İlk kitabınız “İdeoloji ve Politika”, popülizm fenomenini tartışıyor.  2005’de “Popülist Akıl Üzerine”yi yayımladınız. Popülizmin ilgi alanlarınızın merkezinde kaldığı görünüyor. Popülist bir parti tarafından yönetilen bir ülkede, o ülkedeki halkın siyasi kimliği hakkında ne gibi varsayımlarda bulunabiliriz? Popüler öznellik nasıl inşa edilir?

EL: Bence bu noktada klasik bir ayrımı tanıtmamız lazım: “Populus” ve “plebler”. Populus, toplumun tamamıdır. Plebler ise toplumsal piramidin en dibinde bulunan kesimdir. Pleblerin kitlesel seferberliğinin niteliklerinden birisi, bir yandan pleblerin toplumun sadece bir parçası olmaları; öte yandan toplumun tamamını temsil ediyor gibi kendilerini sunmaya çalışmalarıdır. Böylece, bu ayırım bütün bu analizin merkezini oluşturuyor. Halk, bir yandan toplumun tamamıdır. Öte yandan halk, toplumsal tabakanın en altından kentin tamamını sorgulayandır. Popülizmin niteliği daima pleblerin, yani en aşağıdakilerin olması ve bunların kendilerini toplumun tamamının vücut bulmuş hali olarak sunmasıdır.

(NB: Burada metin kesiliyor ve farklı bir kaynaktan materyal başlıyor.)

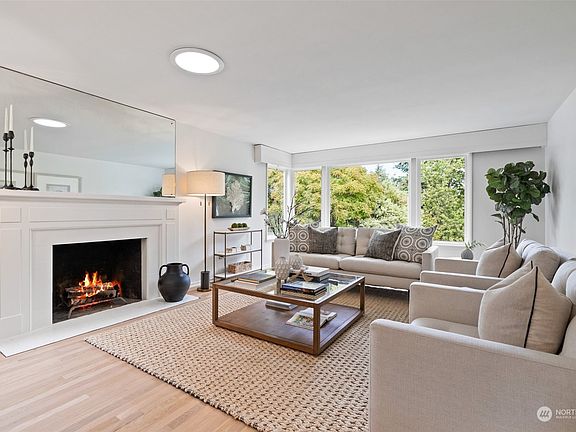 4th image of 1318 NW Woodbine Way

1980’ler Yunanistan’ının siyasi arenasının Andreas Papandreu liderliğindeki sosyalist kanadı, Yunan halkının çoğunluğunu kendine çekmek için popülist bir politika benimsedi. Aynı parti yirmi sene sonra, Kostas Simitis liderliğinde bir kurumsallaşma politikası seyretti. Aynı partinin siyasi kanılarının değişmesi nasıl açıklanabilir?
EL: Bu Yunanistan’a has durumu nasıl yanıtlayacağımı bilemiyorum; ancak bu mesele hakkında genel bir yorum yapabilirim. Popülizm, geçici bir süre için geleneksel bir liderden iktidarı almaya yarar. Öte yandan, yüzleşmeye dayalı sürekli devam eden bir popülizm olamaz. Bir noktada kurumasallaştırıcı bir politika inşa etmek gerekir. Örneğin Arjantin’de Peronizmin başlangıcında descamisados imgesi vardı; yani gömleksizler, ya da Arjantin’in “Sans-culottes”. Bunlar, oligarşik iktidarla topyekun yüzleşmenin simgesiydi. Peronizmin sonraki tarihi aşamasında, örgütlü topluma geçiş süreci gerçekleşti. Ve bu örgütlü toplum da bir nevi kurumsallaşmayı benimsemek zorundaydı. Yani popülizm ile kurumsallaşmanın birbirlerine tamamıyla karşıt iki mantık olduğunu sanmıyorum. Bunlar politik süreçteki farklı momentleri temsil ediyorlar. Papandreou olmadan Simitis olmazdı. İkisinin de birbirlerine ihtiyaçları var. Bu iki boyut tek bir partinin yapısını şekillendirebilir.

Popülizmle radikal demokrasiyi eşitliyorsunuz. Bunlar birbirlerine ne derecede uyuyorlar?

EL: Tamamen uyuyorlar! Radikal demokrasi derken, politik bir sistemden bahsetmiyorum. Radikal demokrasiden benim anladığım, eşdeğerlilik zincirinin belli bir siyasi sistemin empoze ettiği sınırları genişletmesidir. Eşdeğerlikler sayesinde demokrasiyi radikalleştirebilirsiniz, ama bu popüler bir kimlik yaratmakla aynı anlama gelmez. Çünkü popüler kimlik, eşdeğerlikler zinciri sayesinde yaratılmıştır.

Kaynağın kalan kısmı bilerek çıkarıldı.